*INFORMATION*.

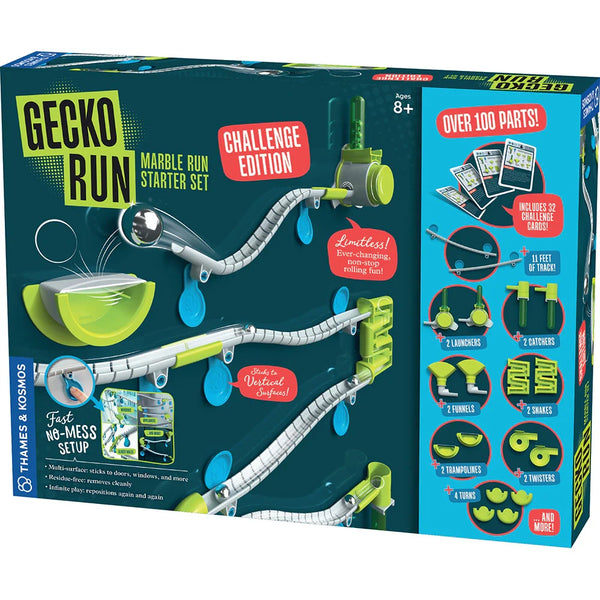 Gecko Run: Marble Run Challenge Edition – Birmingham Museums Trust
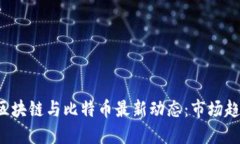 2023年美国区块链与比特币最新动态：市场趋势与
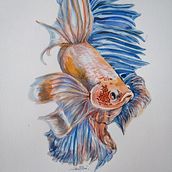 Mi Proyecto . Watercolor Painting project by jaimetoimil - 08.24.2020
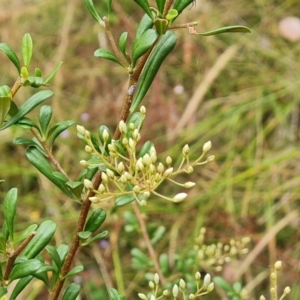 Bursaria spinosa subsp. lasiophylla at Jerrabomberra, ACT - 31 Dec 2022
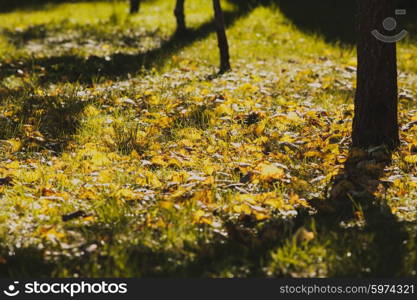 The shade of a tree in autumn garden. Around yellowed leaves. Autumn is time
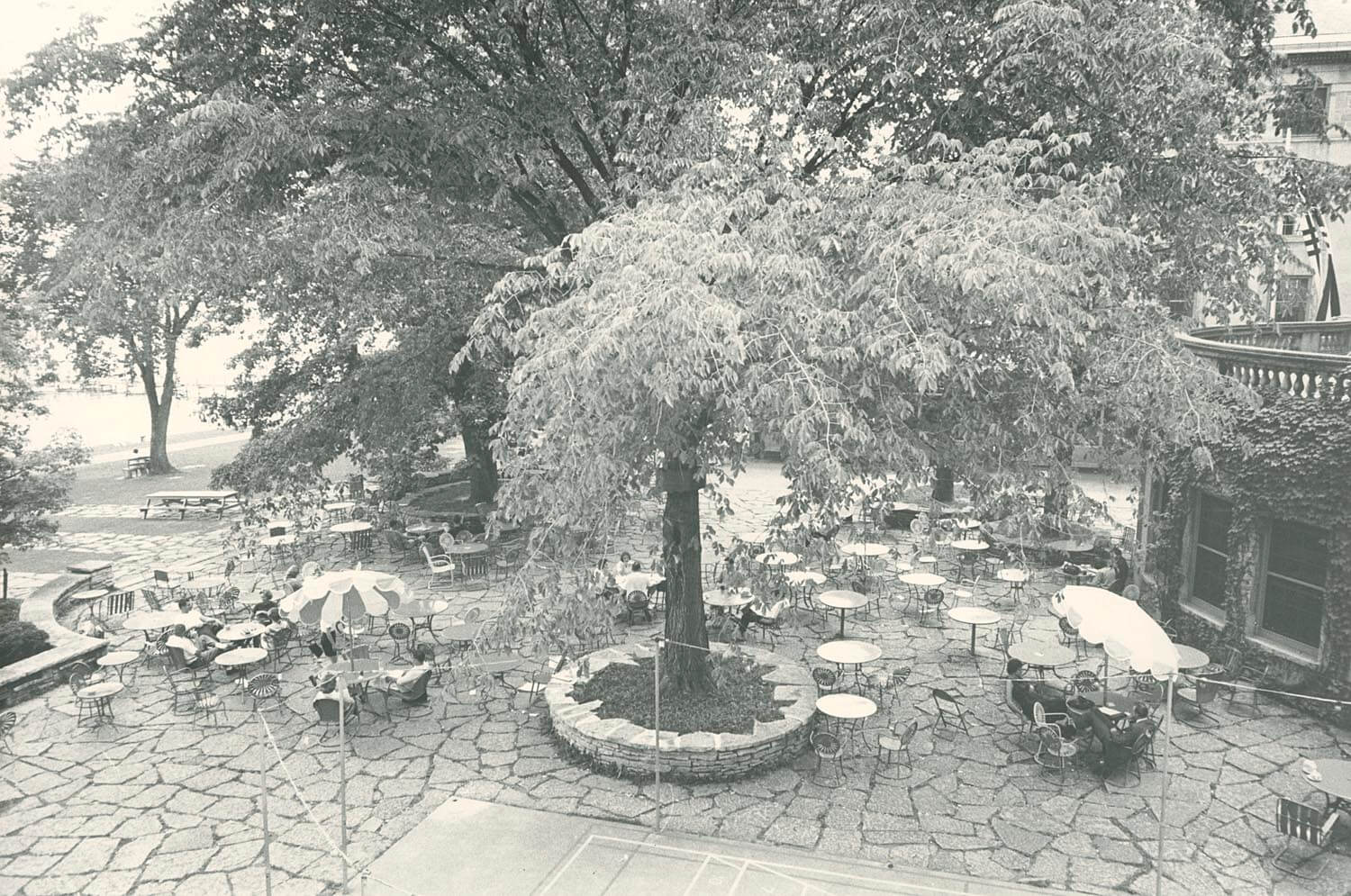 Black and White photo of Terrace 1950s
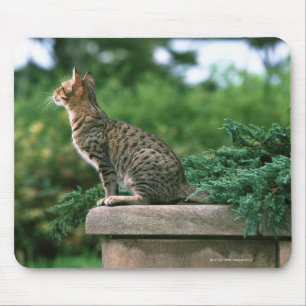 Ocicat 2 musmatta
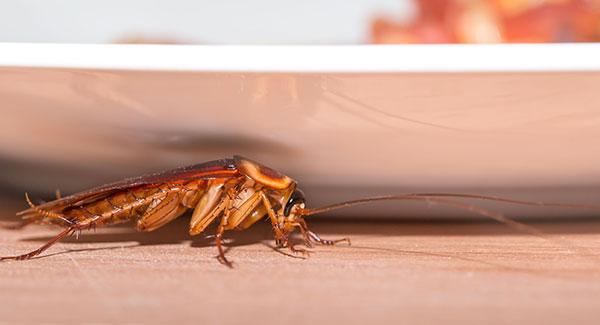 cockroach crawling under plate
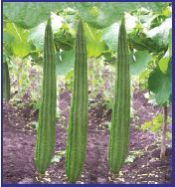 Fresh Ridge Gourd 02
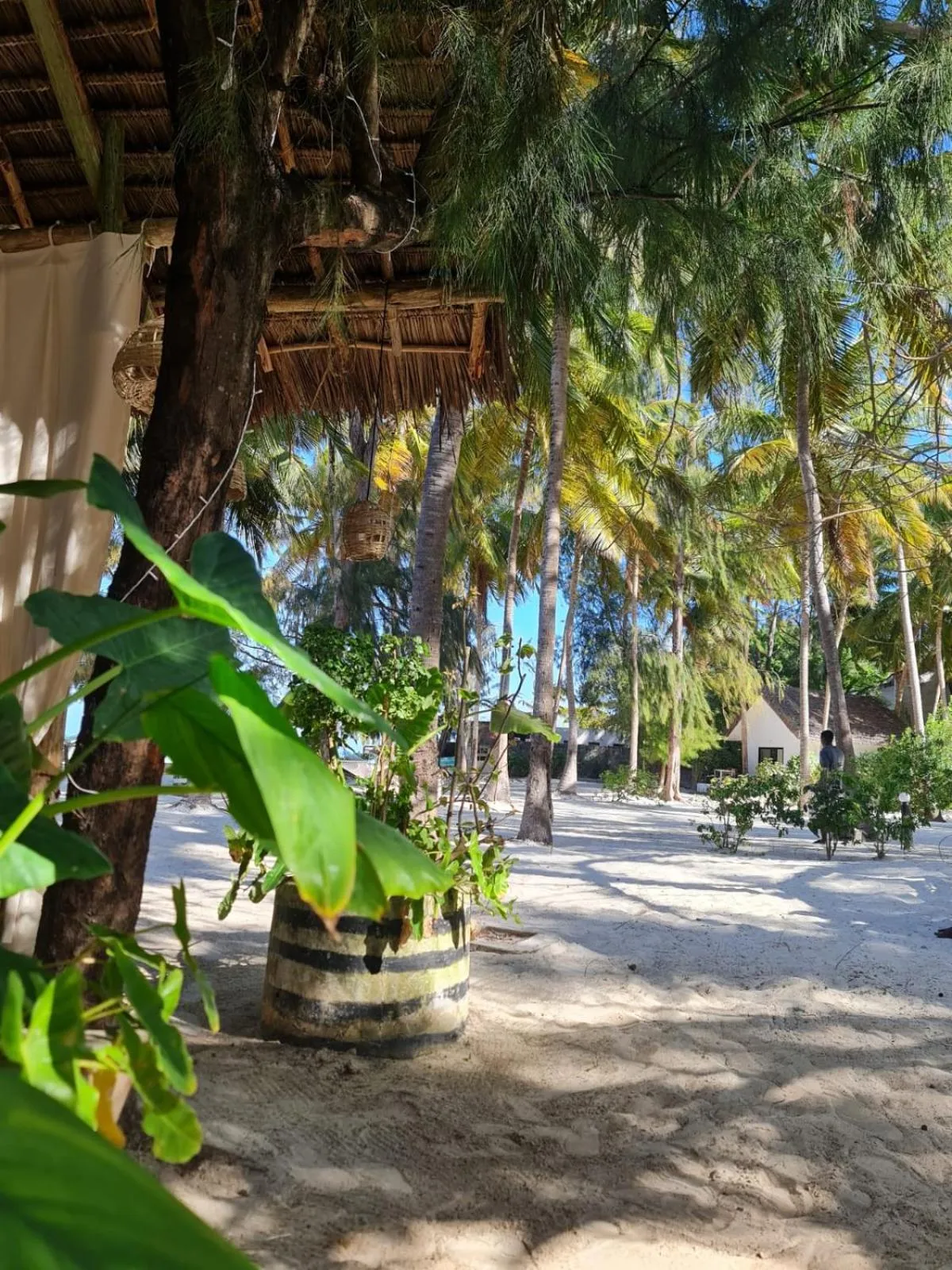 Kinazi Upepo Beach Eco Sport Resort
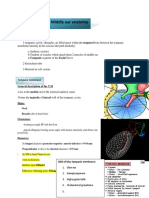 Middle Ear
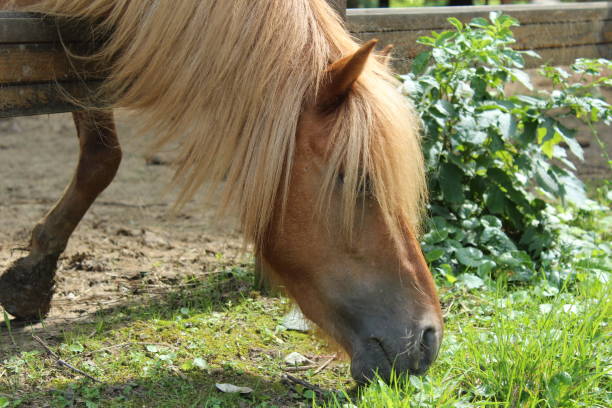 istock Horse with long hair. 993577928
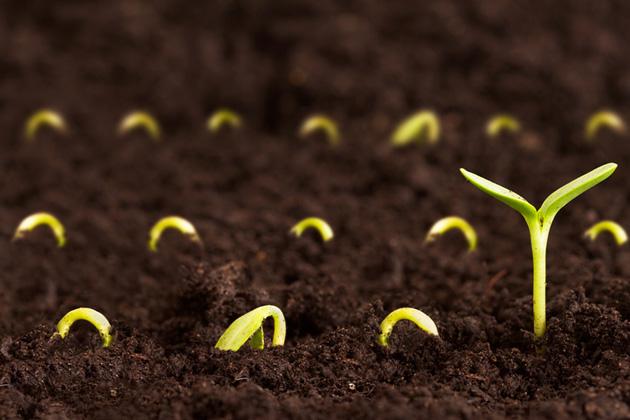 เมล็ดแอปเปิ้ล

* * *

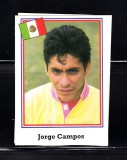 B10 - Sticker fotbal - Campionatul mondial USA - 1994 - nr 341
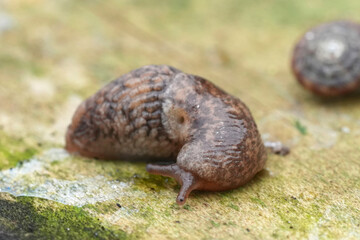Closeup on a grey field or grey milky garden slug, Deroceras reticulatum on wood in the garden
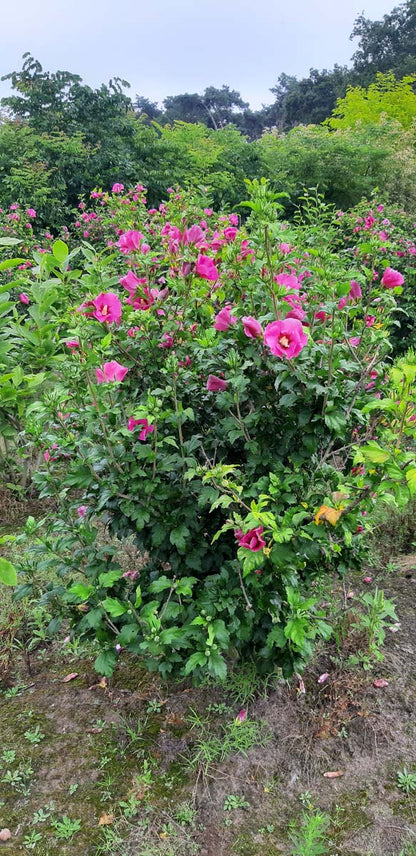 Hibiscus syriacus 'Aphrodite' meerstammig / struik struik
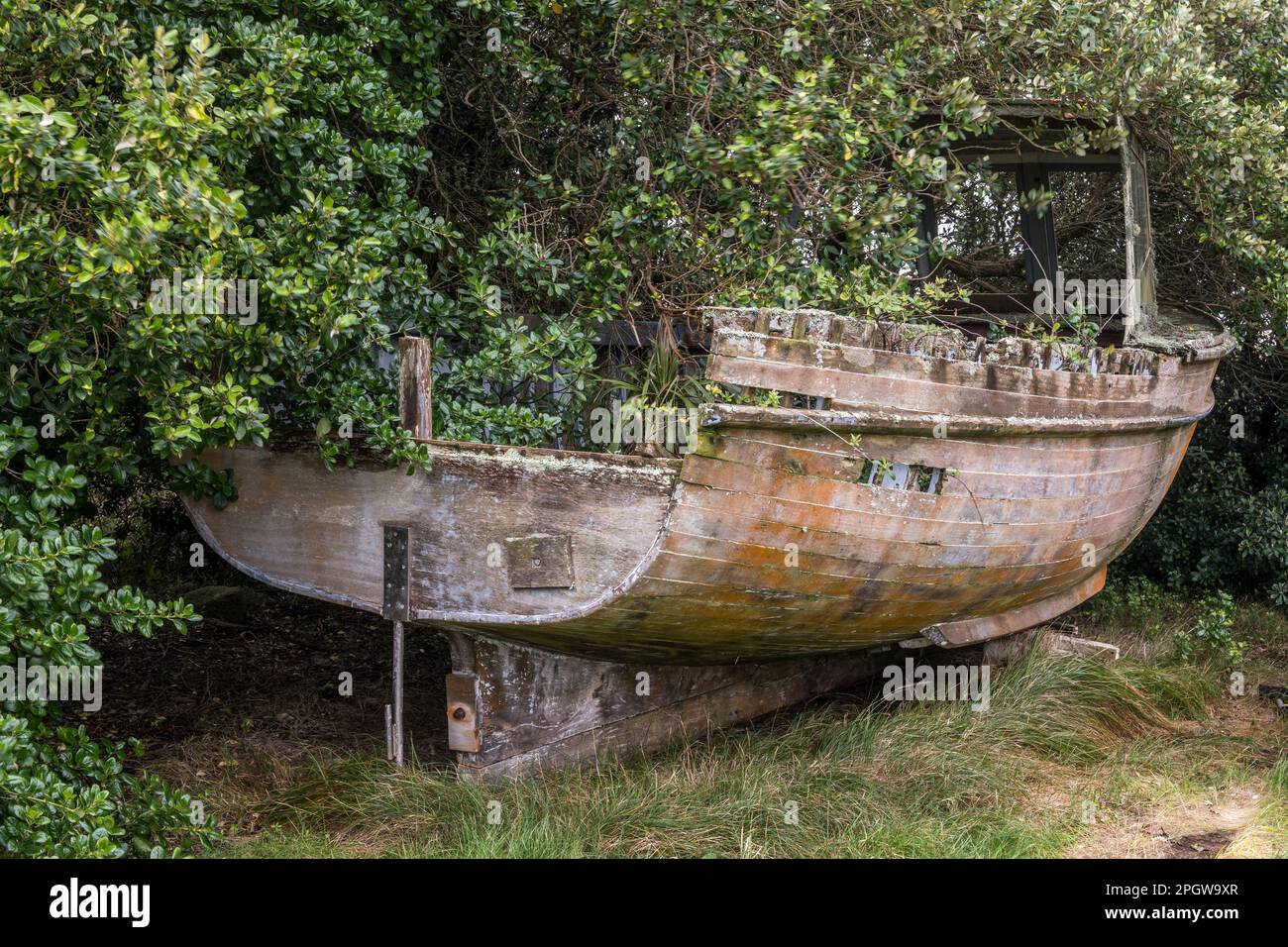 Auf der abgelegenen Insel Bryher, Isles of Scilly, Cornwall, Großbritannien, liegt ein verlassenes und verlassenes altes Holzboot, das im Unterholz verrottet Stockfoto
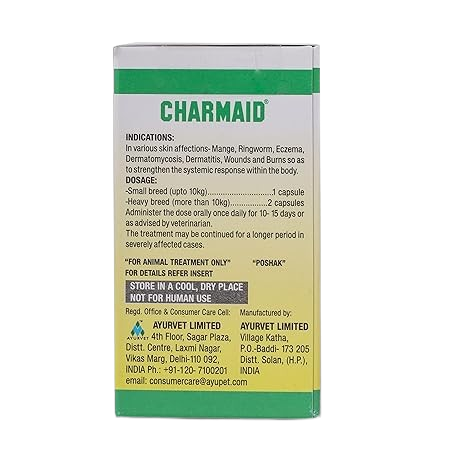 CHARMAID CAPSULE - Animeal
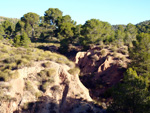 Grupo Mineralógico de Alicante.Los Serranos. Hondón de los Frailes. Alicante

---

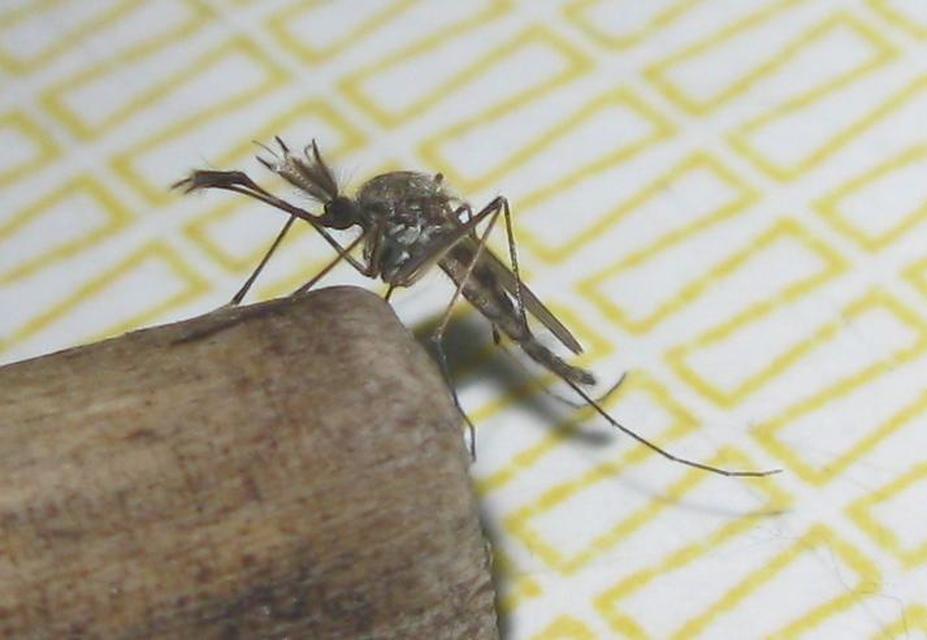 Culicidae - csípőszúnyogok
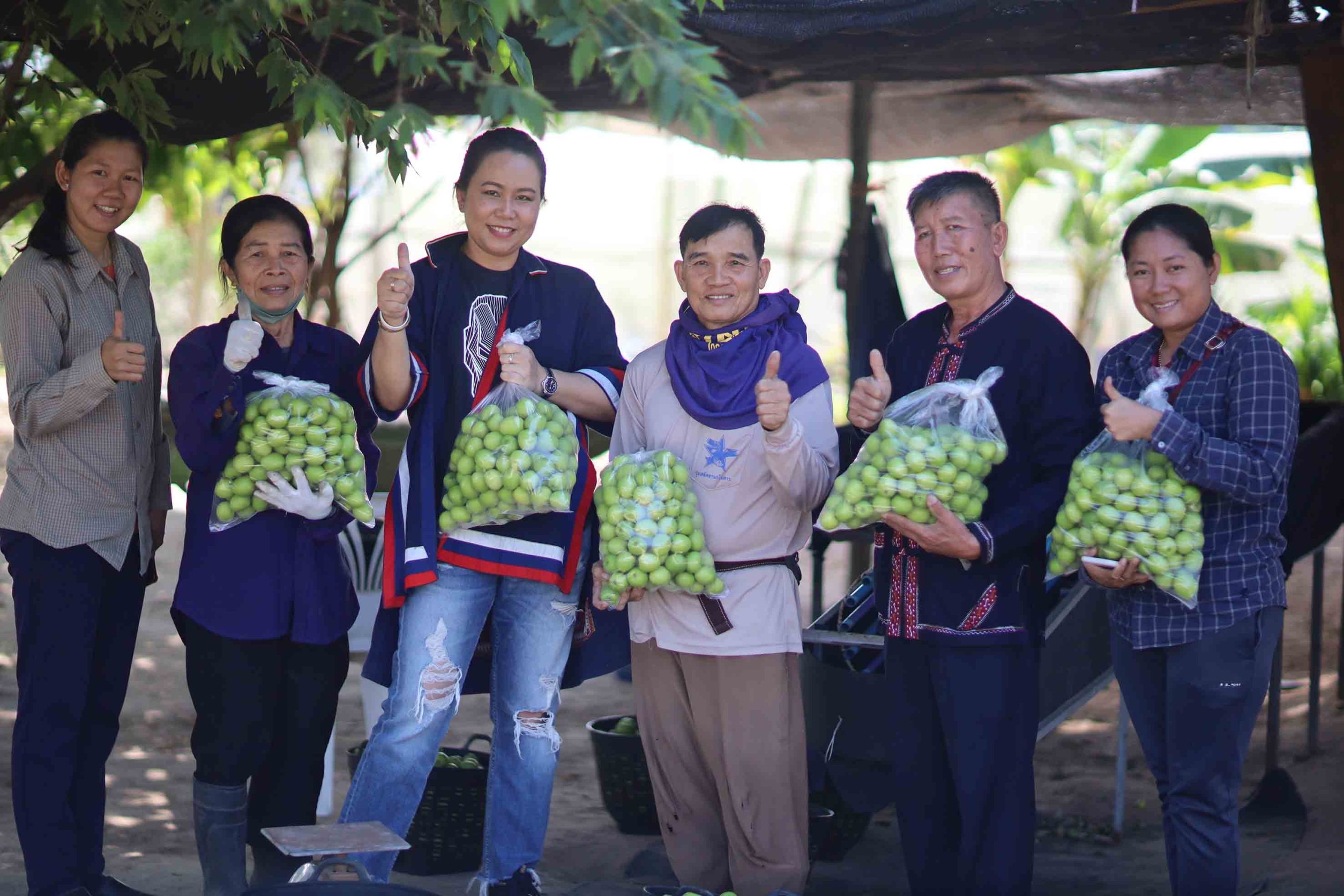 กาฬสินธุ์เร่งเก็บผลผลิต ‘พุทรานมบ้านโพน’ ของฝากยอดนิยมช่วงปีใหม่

*TO DO*.
Write out, word for word, the stretch of entries that begins at the line with "B10 - Sticker" and ends at the line with "CHARMAID CAPSULE - Animeal". Pictures do not belong in it.

*EXERCISE RESPONSE*.
 B10 - Sticker fotbal - Campionatul mondial USA - 1994 - nr 341
Closeup on a grey field or grey milky garden slug, Deroceras reticulatum on wood in the garden
 Hibiscus syriacus 'Aphrodite' meerstammig / struik struik
 Auf der abgelegenen Insel Bryher, Isles of Scilly, Cornwall, Großbritannien, liegt ein verlassenes und verlassenes altes Holzboot, das im Unterholz verrottet Stockfoto
 CHARMAID CAPSULE - Animeal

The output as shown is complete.